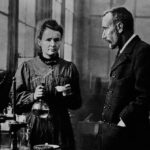 Marie Curie cùng chồng, Pierre Curie. Ảnh: Wikimedia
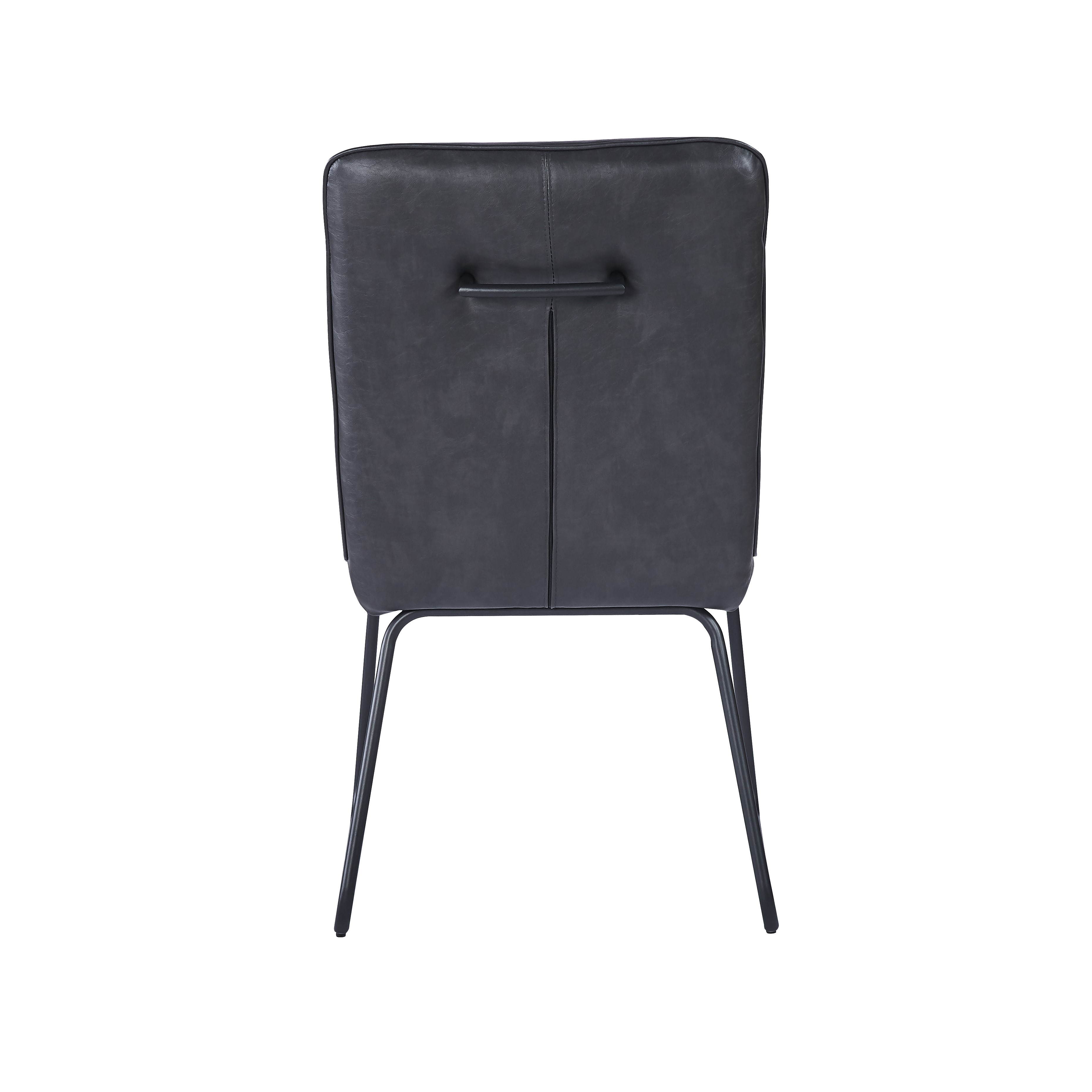 Hew S Pu Black - Black Legs by Hertiance Furniture | Style Our Home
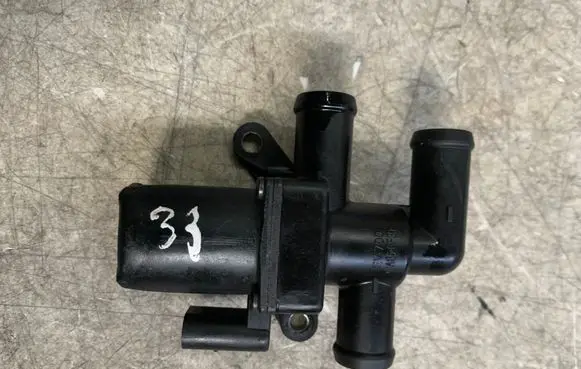 Electric auxiliary coolant/water pump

Work request: Each line above is to be copied exactly, and the pictures are to be dropped.

Finished task:
 Marie Curie cùng chồng, Pierre Curie. Ảnh: Wikimedia
 Hew S Pu Black - Black Legs by Hertiance Furniture | Style Our Home
 Electric auxiliary coolant/water pump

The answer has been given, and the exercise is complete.